In late 2017, the University of Canberra signalled the end of their 10-year subscription with the online Learning Management System (LMS), Moodle. Instead, the university opted for another LMS, Canvas, and integrated their own custom interface, which they’ve called UCLearn. For continuing students, this means getting familiar with a new process for their studies.
Here is a comparison between Moodle and UCLearn, as well as some of the basics you’ll need to know:
You’ll be able to access UCLearn the same as you did Moodle: through the UC Student Portal
For new students, this is found by logging onto the ‘MyUC Portal’ on the Current Students page, selecting the ‘UCLearn’ tab, and then on the InterFace landing page, selecting ‘Continue to UCLearn (Canvas) for all 2018 units’. At the time of publishing this article, you’ll still be able to see the option to continue to Moodle, though this will eventually be phased out and none of the 2018 courses will be active there.
You’ll go to UCLearn for all things course-related
Unit outlines, assessment submissions, recorded lectures (still through Echo360), readings, contact information, ePortfolios (still through Mahara, but an updated version), announcements, and everything else you once used Moodle for.
There’s an app for both Apple and Android software, found on the app store under ‘Canvas Student’. Although UC has advertised UCLearn as easier to use and mobile-friendly, the app isn’t exactly great in terms of speed and stability. This is probably because it’s jumping from Canvas to the UC website when viewing things like the unit outline, for example. The interface and navigation is exactly the same as the desktop version, which is fine except it’s harder to navigate on a smaller device.
The desktop interface is much easier to navigate
A course page on Moodle typically was a single page, which meant a lot of scrolling. For example, to see Week 13’s resources and details, you would have to scroll through 13 weeks of information before you got what you wanted.
With Canvas, all this information is broken up into self-explanatory tabs, e.g. Syllabus, Assignments, Modules and Grades. The Dashboard is also a great feature that will keep you up to date with an overview of your recent activity, any upcoming tasks and assignments, and any recent feedback you’ve received.

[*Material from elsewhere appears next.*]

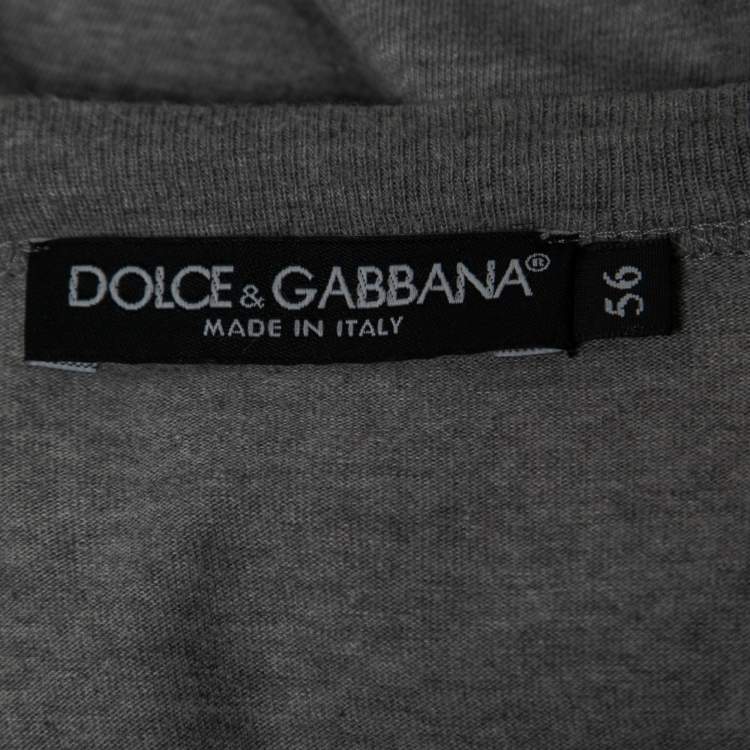 Pre Owned Dolce & Gabbana Grey Cotton Logo Detail Crew Neck T-Shirt 3XL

There’s a chat feature called ‘Conversations’ (but appears as ‘Inbox’)
Despite what you might initially guess, this is not your student email. Instead, it acts as more of an instant chat and can only be used between you and other Canvas users, like your teachers and classmates. You can message a single person, a group, or your entire class. You are also able to add files to share course content.

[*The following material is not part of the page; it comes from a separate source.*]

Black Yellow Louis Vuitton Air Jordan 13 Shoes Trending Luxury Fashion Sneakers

Conversations can be found in the main navigation sidebar.
An integrated Calendar that auto-fills course dates
Keeping track of assessments just got easier. The calendar automatically inputs all of your assessment due dates and agenda items which acts as your to-do-list. You also have the freedom to add to the calendar, which is good for adding in UC events that haven’t synced to UCLearn, like Census Date for example.
Calendar can be found in the main navigation sidebar.

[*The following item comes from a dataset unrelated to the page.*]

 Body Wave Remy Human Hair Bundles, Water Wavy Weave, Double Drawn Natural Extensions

Online collaborative documents or ‘Collaborations’
Basically, this is the Canvas version of Google Docs. It allows multiple users to work together, add and edit a document at the same time. They save in real-time, so that changes are instantly visible to the other users. This will be especially useful for exam revision, updating classmates on missed tutorials and lectures, and group assignments. Course instructors will also be able to assign group assignments using the feature.
Collaborations is found on the navigation sidebar when you open up one of your course pages.
Incentive to set up your profile
Moodle had something of a profile that was used for online interaction. However, it’s more practical on UCLearn as it has more profile settings and communication functions.
You can add a profile picture, biography, links, and files, which will be particularly handy if the chat function takes off and students are using it as their primary source of online course communication.
Submitting assignments is easier
Submitting an assignment on Moodle was a very high-pressure situation. Thankfully, there is no ‘draft’ status to trick first-years into thinking they’ve submitted an assignment, when they’ve really only uploaded a draft (we’ve all done it).
On UCLearn, the submitted file is simply the most recent file you uploaded. You can edit or replace this file until the ‘until date’, which just refers to the due date or a later date depending on what your unit convenor decides. You will submit assignments by clicking on ‘Assignments’ in the navigation sidebar that appears when you open up a course page.
For assistance with UCLearn, the best place to go is either the Study Help site (located within the ‘Help’ section of the main navigation bar at the very top) or the ASK Advisors on Level B of the Library.